→ Task inputs

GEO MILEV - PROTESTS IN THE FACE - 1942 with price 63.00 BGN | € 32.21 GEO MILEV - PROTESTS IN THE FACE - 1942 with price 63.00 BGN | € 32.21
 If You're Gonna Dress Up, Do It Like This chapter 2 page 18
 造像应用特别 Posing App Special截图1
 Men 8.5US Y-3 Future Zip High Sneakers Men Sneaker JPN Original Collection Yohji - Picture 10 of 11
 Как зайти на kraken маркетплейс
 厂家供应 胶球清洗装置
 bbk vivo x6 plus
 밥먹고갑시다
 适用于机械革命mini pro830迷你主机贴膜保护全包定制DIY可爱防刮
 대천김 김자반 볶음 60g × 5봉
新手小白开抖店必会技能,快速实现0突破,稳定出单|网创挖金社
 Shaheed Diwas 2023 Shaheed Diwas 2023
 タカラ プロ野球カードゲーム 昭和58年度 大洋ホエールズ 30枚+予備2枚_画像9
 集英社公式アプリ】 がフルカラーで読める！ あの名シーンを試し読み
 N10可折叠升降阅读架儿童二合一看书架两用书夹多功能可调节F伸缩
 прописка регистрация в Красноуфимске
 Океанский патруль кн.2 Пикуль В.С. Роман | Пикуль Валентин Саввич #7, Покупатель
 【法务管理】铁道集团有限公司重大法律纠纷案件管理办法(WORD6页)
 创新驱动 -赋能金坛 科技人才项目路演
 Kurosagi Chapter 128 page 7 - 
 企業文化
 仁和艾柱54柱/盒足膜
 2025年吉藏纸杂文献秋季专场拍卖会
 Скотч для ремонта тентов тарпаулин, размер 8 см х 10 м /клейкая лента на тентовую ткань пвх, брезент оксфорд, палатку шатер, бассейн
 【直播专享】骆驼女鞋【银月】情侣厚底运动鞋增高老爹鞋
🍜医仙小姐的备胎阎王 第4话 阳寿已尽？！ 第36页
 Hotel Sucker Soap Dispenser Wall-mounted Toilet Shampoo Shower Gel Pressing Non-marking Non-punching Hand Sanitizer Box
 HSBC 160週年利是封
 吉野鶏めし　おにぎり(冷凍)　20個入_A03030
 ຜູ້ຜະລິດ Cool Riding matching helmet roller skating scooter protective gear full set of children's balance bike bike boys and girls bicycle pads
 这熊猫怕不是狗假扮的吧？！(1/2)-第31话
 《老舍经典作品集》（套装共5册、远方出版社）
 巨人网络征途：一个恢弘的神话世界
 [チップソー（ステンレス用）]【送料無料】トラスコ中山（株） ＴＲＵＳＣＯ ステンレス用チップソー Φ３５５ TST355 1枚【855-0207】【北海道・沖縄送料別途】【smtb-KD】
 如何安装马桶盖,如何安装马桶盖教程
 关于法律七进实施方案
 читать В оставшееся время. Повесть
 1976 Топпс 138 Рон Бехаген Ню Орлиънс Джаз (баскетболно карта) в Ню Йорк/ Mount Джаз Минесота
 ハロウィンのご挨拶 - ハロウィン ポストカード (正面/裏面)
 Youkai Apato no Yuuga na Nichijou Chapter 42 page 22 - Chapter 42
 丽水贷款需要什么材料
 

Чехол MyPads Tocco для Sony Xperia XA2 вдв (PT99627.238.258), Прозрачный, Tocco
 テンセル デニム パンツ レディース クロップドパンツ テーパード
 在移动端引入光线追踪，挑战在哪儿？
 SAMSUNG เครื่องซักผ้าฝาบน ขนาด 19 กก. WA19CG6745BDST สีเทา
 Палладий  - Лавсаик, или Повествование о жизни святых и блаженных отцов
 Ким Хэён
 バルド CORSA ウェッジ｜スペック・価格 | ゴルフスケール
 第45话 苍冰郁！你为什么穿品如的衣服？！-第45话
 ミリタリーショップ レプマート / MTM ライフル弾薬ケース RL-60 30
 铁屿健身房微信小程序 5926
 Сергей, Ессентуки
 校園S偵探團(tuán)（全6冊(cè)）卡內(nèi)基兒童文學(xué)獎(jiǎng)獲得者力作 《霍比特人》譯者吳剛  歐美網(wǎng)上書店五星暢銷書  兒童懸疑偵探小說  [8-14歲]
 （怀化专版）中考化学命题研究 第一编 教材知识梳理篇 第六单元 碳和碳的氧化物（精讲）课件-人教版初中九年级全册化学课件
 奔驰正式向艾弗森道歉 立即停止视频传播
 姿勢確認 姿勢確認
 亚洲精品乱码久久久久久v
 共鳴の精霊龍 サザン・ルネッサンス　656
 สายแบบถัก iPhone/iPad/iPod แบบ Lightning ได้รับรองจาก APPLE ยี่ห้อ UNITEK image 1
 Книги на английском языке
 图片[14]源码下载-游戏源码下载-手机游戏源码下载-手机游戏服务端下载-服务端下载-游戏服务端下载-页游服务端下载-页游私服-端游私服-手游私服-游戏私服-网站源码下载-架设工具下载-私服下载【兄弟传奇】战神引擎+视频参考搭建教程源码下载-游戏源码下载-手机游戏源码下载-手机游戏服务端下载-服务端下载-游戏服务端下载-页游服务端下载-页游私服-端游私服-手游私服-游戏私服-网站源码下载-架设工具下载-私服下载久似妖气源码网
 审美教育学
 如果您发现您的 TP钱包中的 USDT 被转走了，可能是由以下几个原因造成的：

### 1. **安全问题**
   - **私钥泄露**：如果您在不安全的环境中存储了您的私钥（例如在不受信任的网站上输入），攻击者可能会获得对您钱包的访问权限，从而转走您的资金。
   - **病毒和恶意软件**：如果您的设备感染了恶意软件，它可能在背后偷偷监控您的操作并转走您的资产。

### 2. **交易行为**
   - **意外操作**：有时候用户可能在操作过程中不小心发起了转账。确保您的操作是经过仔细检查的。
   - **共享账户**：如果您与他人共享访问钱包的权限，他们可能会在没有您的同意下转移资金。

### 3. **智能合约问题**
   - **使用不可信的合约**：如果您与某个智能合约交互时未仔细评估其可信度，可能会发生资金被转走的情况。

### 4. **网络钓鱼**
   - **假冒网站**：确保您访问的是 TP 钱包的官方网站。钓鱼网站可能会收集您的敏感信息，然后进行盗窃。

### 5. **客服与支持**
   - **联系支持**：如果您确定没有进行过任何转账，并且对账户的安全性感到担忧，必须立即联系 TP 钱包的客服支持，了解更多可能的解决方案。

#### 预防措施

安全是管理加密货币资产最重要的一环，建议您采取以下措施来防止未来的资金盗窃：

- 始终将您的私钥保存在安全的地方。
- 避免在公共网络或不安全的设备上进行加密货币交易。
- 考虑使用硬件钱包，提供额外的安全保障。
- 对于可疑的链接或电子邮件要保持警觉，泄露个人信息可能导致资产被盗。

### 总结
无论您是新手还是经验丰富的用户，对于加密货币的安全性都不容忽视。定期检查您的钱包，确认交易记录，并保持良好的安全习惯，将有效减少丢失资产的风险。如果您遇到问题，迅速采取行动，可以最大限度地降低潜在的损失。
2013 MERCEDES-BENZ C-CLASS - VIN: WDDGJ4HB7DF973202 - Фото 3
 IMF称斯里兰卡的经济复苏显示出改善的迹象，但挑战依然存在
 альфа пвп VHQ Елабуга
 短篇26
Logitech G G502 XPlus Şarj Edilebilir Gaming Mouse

→ Exercise goal
Once you have checked every line of the material above, return the ones that hold the string "page".

→ Response to the exercise
 If You're Gonna Dress Up, Do It Like This chapter 2 page 18
 Kurosagi Chapter 128 page 7 - 
 Youkai Apato no Yuuga na Nichijou Chapter 42 page 22 - Chapter 42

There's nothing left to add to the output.